(Beginning of Given entries)
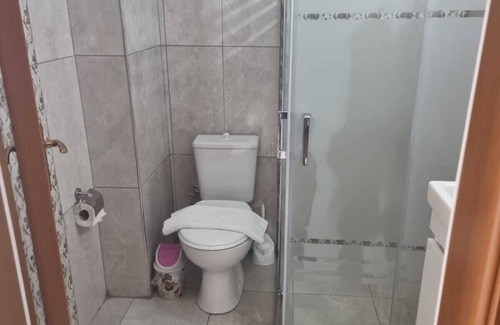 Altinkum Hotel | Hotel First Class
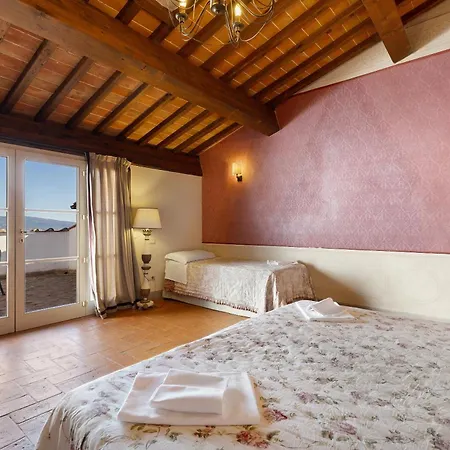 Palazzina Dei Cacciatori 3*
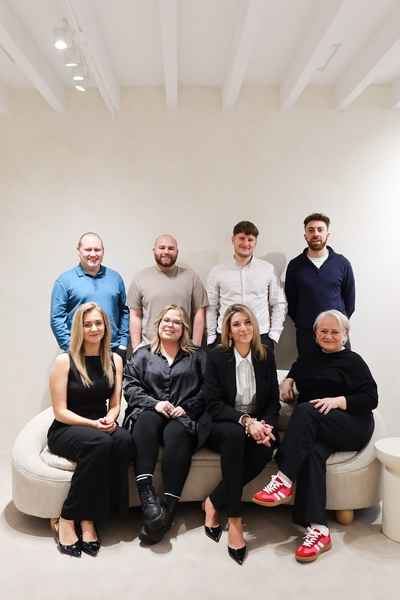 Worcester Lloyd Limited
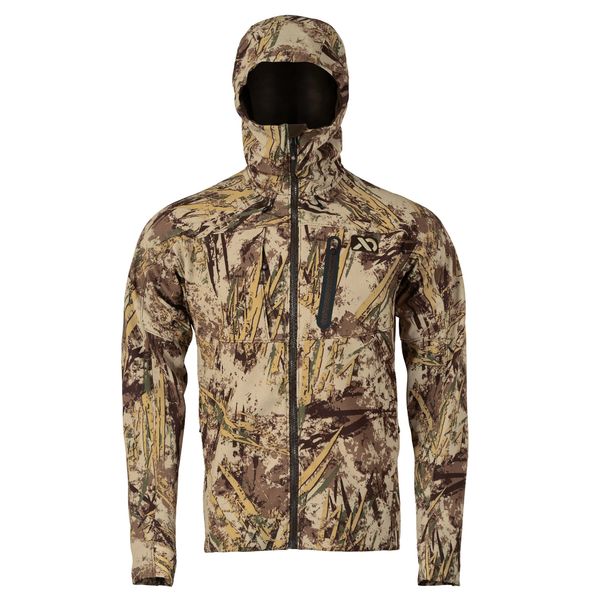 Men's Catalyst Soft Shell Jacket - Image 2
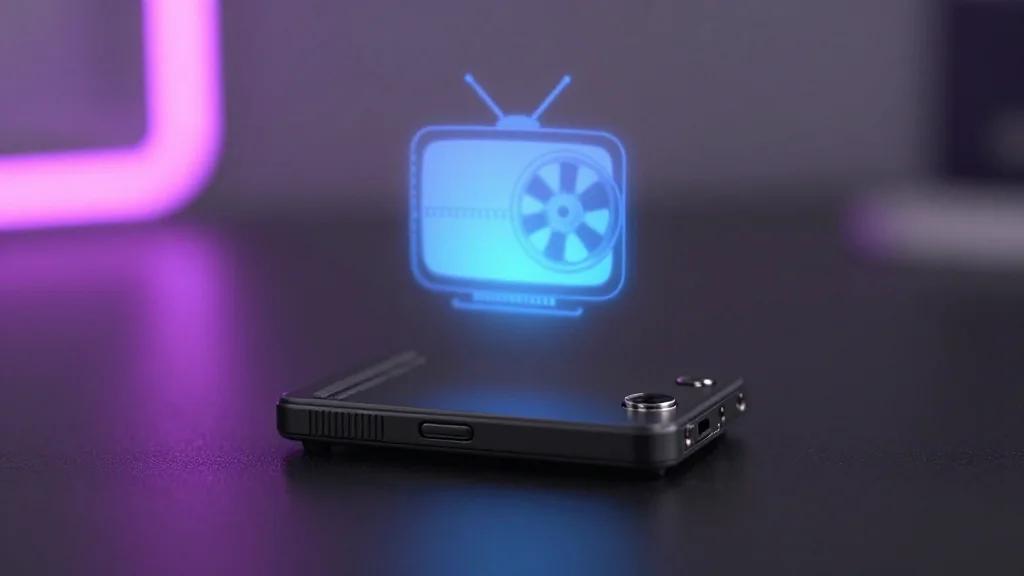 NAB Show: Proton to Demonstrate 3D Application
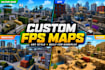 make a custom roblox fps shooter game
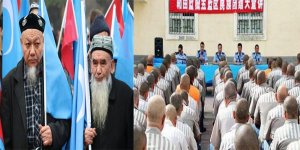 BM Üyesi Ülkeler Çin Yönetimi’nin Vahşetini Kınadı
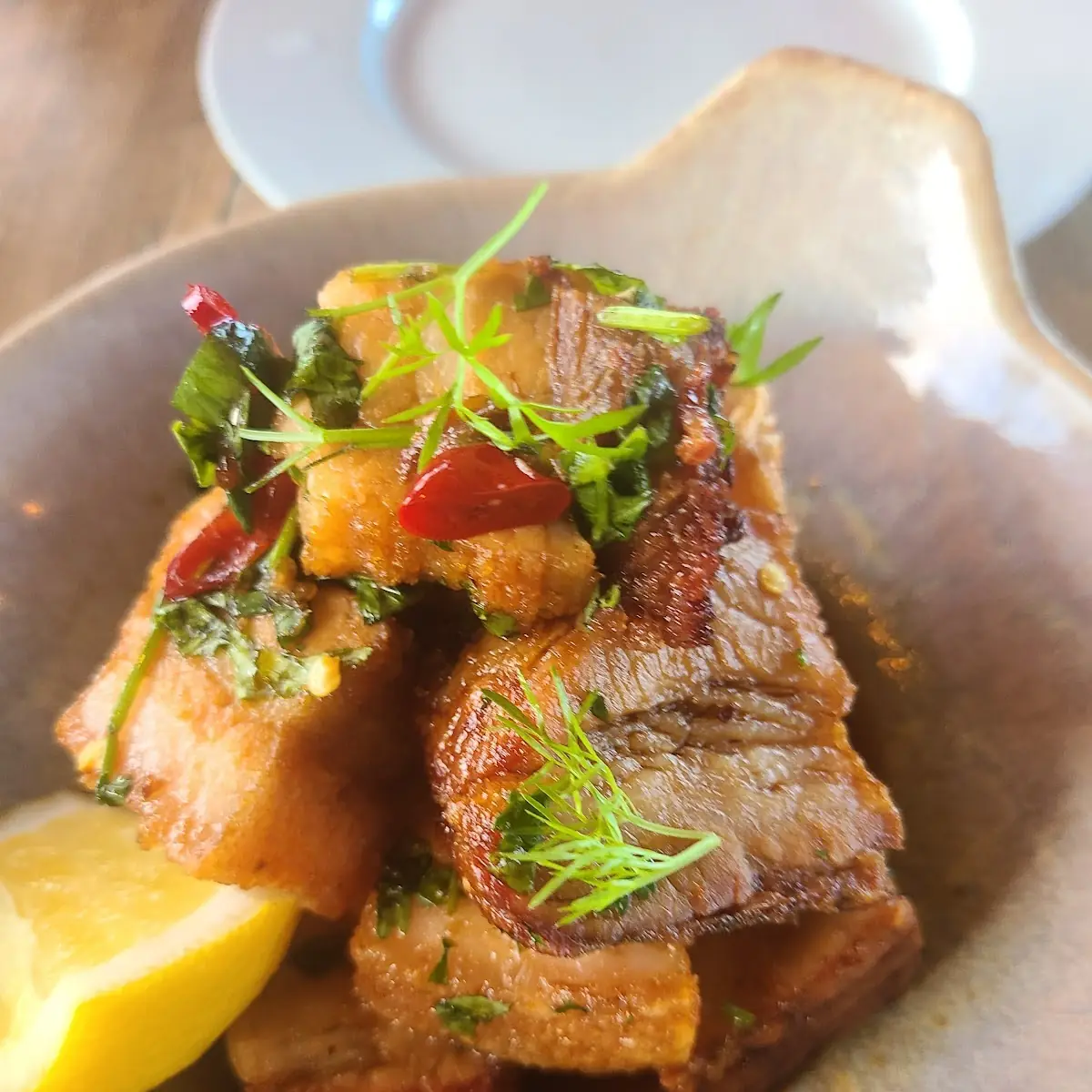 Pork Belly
(End of Given entries)
● What is required
Lines from the one holding "Palazzina Dei Cacciatori 3*" to the end of the data, both ends included, are to be given again exactly; no pictures belong in the copy.

● Result of this exercise
 Palazzina Dei Cacciatori 3*
 Worcester Lloyd Limited
 Men's Catalyst Soft Shell Jacket - Image 2
 NAB Show: Proton to Demonstrate 3D Application
 make a custom roblox fps shooter game
 BM Üyesi Ülkeler Çin Yönetimi’nin Vahşetini Kınadı
 Pork Belly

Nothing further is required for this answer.